- **YOUR OBJECTIVE**
Each entry is to be retyped exactly as it stands.

- **RECORDS FOR THIS EXERCISE**
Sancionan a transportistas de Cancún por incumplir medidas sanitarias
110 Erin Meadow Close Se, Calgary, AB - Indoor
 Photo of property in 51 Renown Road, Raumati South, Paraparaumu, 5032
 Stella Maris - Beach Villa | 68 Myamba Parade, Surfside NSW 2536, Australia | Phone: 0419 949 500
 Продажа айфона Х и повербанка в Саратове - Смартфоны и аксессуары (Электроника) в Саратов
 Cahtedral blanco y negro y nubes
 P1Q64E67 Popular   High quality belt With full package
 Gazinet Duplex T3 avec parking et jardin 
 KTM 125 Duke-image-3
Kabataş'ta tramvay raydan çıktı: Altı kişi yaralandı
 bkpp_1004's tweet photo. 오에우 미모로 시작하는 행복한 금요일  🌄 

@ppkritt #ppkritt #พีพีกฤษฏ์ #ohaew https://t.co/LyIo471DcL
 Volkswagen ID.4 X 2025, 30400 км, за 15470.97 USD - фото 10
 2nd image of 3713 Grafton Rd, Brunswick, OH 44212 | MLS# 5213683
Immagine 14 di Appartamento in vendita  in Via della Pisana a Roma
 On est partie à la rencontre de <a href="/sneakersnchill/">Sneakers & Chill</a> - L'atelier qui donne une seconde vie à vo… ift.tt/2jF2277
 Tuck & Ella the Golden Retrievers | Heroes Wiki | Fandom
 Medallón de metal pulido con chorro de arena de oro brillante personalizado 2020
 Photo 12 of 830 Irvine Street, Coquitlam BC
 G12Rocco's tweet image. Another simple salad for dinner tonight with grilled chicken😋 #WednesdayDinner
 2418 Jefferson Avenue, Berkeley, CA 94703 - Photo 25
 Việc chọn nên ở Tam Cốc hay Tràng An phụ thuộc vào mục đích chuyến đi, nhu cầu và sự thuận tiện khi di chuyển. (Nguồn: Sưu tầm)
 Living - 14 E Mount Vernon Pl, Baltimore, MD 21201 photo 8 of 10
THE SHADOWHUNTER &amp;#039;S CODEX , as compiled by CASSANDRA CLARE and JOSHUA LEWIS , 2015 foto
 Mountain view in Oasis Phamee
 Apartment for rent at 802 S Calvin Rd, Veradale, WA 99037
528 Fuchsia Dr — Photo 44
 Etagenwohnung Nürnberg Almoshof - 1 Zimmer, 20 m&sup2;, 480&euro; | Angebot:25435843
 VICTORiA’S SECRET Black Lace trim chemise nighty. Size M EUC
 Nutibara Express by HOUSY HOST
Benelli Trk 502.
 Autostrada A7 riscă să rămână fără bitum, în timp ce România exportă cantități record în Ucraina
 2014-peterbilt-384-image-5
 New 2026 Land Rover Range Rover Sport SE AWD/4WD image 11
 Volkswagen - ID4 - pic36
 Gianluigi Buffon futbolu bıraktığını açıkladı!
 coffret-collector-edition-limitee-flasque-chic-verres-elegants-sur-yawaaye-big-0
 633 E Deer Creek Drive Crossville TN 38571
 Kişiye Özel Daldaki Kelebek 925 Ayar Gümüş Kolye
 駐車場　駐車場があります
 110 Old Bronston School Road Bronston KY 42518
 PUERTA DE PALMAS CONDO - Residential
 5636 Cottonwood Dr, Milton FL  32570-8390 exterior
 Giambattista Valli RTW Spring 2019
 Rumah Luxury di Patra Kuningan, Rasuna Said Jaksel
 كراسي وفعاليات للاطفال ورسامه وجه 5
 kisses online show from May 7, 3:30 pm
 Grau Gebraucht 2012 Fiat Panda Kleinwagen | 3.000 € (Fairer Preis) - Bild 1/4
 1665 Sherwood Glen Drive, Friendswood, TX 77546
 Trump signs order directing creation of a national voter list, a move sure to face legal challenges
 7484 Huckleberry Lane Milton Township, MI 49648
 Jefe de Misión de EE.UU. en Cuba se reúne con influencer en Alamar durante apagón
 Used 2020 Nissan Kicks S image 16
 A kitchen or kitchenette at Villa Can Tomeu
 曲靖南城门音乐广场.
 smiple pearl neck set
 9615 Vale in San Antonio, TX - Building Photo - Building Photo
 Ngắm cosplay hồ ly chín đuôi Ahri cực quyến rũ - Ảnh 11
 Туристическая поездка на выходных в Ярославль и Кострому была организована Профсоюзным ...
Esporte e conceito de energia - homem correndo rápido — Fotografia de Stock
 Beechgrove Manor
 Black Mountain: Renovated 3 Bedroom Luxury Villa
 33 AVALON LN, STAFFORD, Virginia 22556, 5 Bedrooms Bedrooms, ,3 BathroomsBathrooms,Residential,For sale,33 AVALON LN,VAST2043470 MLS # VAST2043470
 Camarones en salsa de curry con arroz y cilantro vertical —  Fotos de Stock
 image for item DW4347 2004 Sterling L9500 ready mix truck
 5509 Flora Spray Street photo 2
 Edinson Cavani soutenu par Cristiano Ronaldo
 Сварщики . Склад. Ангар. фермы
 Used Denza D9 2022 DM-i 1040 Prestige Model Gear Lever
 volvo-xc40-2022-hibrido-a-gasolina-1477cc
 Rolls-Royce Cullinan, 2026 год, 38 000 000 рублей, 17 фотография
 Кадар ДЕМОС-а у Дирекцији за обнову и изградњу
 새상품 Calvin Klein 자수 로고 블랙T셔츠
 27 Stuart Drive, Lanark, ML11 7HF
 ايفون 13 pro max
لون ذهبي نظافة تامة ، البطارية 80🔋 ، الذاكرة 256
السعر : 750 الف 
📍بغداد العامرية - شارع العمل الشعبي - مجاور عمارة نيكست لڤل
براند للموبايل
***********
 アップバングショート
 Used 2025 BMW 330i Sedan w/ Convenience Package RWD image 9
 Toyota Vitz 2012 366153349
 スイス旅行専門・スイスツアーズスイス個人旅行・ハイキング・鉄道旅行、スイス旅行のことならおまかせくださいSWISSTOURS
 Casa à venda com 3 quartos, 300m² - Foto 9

- **ANSWER AREA**
Sancionan a transportistas de Cancún por incumplir medidas sanitarias
110 Erin Meadow Close Se, Calgary, AB - Indoor
 Photo of property in 51 Renown Road, Raumati South, Paraparaumu, 5032
 Stella Maris - Beach Villa | 68 Myamba Parade, Surfside NSW 2536, Australia | Phone: 0419 949 500
 Продажа айфона Х и повербанка в Саратове - Смартфоны и аксессуары (Электроника) в Саратов
 Cahtedral blanco y negro y nubes
 P1Q64E67 Popular   High quality belt With full package
 Gazinet Duplex T3 avec parking et jardin 
 KTM 125 Duke-image-3
Kabataş'ta tramvay raydan çıktı: Altı kişi yaralandı
 bkpp_1004's tweet photo. 오에우 미모로 시작하는 행복한 금요일  🌄 

@ppkritt #ppkritt #พีพีกฤษฏ์ #ohaew https://t.co/LyIo471DcL
 Volkswagen ID.4 X 2025, 30400 км, за 15470.97 USD - фото 10
 2nd image of 3713 Grafton Rd, Brunswick, OH 44212 | MLS# 5213683
Immagine 14 di Appartamento in vendita  in Via della Pisana a Roma
 On est partie à la rencontre de <a href="/sneakersnchill/">Sneakers & Chill</a> - L'atelier qui donne une seconde vie à vo… ift.tt/2jF2277
 Tuck & Ella the Golden Retrievers | Heroes Wiki | Fandom
 Medallón de metal pulido con chorro de arena de oro brillante personalizado 2020
 Photo 12 of 830 Irvine Street, Coquitlam BC
 G12Rocco's tweet image. Another simple salad for dinner tonight with grilled chicken😋 #WednesdayDinner
 2418 Jefferson Avenue, Berkeley, CA 94703 - Photo 25
 Việc chọn nên ở Tam Cốc hay Tràng An phụ thuộc vào mục đích chuyến đi, nhu cầu và sự thuận tiện khi di chuyển. (Nguồn: Sưu tầm)
 Living - 14 E Mount Vernon Pl, Baltimore, MD 21201 photo 8 of 10
THE SHADOWHUNTER &amp;#039;S CODEX , as compiled by CASSANDRA CLARE and JOSHUA LEWIS , 2015 foto
 Mountain view in Oasis Phamee
 Apartment for rent at 802 S Calvin Rd, Veradale, WA 99037
528 Fuchsia Dr — Photo 44
 Etagenwohnung Nürnberg Almoshof - 1 Zimmer, 20 m&sup2;, 480&euro; | Angebot:25435843
 VICTORiA’S SECRET Black Lace trim chemise nighty. Size M EUC
 Nutibara Express by HOUSY HOST
Benelli Trk 502.
 Autostrada A7 riscă să rămână fără bitum, în timp ce România exportă cantități record în Ucraina
 2014-peterbilt-384-image-5
 New 2026 Land Rover Range Rover Sport SE AWD/4WD image 11
 Volkswagen - ID4 - pic36
 Gianluigi Buffon futbolu bıraktığını açıkladı!
 coffret-collector-edition-limitee-flasque-chic-verres-elegants-sur-yawaaye-big-0
 633 E Deer Creek Drive Crossville TN 38571
 Kişiye Özel Daldaki Kelebek 925 Ayar Gümüş Kolye
 駐車場　駐車場があります
 110 Old Bronston School Road Bronston KY 42518
 PUERTA DE PALMAS CONDO - Residential
 5636 Cottonwood Dr, Milton FL  32570-8390 exterior
 Giambattista Valli RTW Spring 2019
 Rumah Luxury di Patra Kuningan, Rasuna Said Jaksel
 كراسي وفعاليات للاطفال ورسامه وجه 5
 kisses online show from May 7, 3:30 pm
 Grau Gebraucht 2012 Fiat Panda Kleinwagen | 3.000 € (Fairer Preis) - Bild 1/4
 1665 Sherwood Glen Drive, Friendswood, TX 77546
 Trump signs order directing creation of a national voter list, a move sure to face legal challenges
 7484 Huckleberry Lane Milton Township, MI 49648
 Jefe de Misión de EE.UU. en Cuba se reúne con influencer en Alamar durante apagón
 Used 2020 Nissan Kicks S image 16
 A kitchen or kitchenette at Villa Can Tomeu
 曲靖南城门音乐广场.
 smiple pearl neck set
 9615 Vale in San Antonio, TX - Building Photo - Building Photo
 Ngắm cosplay hồ ly chín đuôi Ahri cực quyến rũ - Ảnh 11
 Туристическая поездка на выходных в Ярославль и Кострому была организована Профсоюзным ...
Esporte e conceito de energia - homem correndo rápido — Fotografia de Stock
 Beechgrove Manor
 Black Mountain: Renovated 3 Bedroom Luxury Villa
 33 AVALON LN, STAFFORD, Virginia 22556, 5 Bedrooms Bedrooms, ,3 BathroomsBathrooms,Residential,For sale,33 AVALON LN,VAST2043470 MLS # VAST2043470
 Camarones en salsa de curry con arroz y cilantro vertical —  Fotos de Stock
 image for item DW4347 2004 Sterling L9500 ready mix truck
 5509 Flora Spray Street photo 2
 Edinson Cavani soutenu par Cristiano Ronaldo
 Сварщики . Склад. Ангар. фермы
 Used Denza D9 2022 DM-i 1040 Prestige Model Gear Lever
 volvo-xc40-2022-hibrido-a-gasolina-1477cc
 Rolls-Royce Cullinan, 2026 год, 38 000 000 рублей, 17 фотография
 Кадар ДЕМОС-а у Дирекцији за обнову и изградњу
 새상품 Calvin Klein 자수 로고 블랙T셔츠
 27 Stuart Drive, Lanark, ML11 7HF
 ايفون 13 pro max
لون ذهبي نظافة تامة ، البطارية 80🔋 ، الذاكرة 256
السعر : 750 الف 
📍بغداد العامرية - شارع العمل الشعبي - مجاور عمارة نيكست لڤل
براند للموبايل
***********
 アップバングショート
 Used 2025 BMW 330i Sedan w/ Convenience Package RWD image 9
 Toyota Vitz 2012 366153349
 スイス旅行専門・スイスツアーズスイス個人旅行・ハイキング・鉄道旅行、スイス旅行のことならおまかせくださいSWISSTOURS
 Casa à venda com 3 quartos, 300m² - Foto 9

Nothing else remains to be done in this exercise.